_DATA FOR PROCESSING_:
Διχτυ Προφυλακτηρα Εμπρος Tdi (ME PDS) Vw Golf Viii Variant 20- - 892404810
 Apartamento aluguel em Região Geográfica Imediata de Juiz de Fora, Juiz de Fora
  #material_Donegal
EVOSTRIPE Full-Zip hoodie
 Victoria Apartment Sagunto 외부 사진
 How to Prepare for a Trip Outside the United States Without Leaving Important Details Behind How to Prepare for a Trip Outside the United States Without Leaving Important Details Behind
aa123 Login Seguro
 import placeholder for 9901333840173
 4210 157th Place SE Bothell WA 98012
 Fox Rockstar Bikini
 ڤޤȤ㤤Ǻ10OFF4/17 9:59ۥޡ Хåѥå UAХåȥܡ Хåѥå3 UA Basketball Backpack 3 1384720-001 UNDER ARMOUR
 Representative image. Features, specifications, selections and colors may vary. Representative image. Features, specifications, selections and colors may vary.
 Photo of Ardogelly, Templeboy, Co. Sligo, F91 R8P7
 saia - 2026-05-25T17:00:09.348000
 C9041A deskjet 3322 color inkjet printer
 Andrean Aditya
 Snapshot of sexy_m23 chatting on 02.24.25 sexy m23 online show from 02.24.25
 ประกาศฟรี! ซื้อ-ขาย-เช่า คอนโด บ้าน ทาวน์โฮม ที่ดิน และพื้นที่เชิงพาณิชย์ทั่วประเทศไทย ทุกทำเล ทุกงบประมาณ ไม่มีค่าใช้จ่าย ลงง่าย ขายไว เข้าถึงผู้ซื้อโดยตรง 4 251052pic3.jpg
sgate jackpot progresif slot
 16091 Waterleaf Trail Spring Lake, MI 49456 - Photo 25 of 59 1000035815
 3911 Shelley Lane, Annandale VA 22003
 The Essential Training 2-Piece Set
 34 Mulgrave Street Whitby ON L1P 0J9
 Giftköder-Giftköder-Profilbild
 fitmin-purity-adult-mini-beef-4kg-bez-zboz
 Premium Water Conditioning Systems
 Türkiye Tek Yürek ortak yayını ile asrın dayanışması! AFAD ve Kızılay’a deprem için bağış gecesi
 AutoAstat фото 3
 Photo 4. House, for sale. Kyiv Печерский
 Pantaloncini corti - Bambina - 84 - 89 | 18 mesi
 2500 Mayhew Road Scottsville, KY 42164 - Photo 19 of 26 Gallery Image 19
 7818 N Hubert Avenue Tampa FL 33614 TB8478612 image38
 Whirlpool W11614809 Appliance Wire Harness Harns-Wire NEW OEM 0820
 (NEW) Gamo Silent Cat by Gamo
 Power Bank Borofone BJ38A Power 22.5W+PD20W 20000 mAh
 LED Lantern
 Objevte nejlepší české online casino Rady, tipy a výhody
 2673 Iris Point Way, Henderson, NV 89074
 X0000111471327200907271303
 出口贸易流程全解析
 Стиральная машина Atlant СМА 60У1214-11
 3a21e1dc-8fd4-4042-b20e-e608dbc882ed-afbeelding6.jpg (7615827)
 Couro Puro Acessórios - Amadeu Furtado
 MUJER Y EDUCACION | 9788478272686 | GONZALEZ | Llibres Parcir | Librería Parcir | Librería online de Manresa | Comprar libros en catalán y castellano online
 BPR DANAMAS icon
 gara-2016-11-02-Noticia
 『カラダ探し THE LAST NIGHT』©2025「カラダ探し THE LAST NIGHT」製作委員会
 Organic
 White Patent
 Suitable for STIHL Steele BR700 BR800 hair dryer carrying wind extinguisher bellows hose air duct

_EXERCISE AIM_: Whenever a line above has the word "online" in it, copy that line.

_TASK ANSWER_:
 Snapshot of sexy_m23 chatting on 02.24.25 sexy m23 online show from 02.24.25
 Objevte nejlepší české online casino Rady, tipy a výhody
 MUJER Y EDUCACION | 9788478272686 | GONZALEZ | Llibres Parcir | Librería Parcir | Librería online de Manresa | Comprar libros en catalán y castellano online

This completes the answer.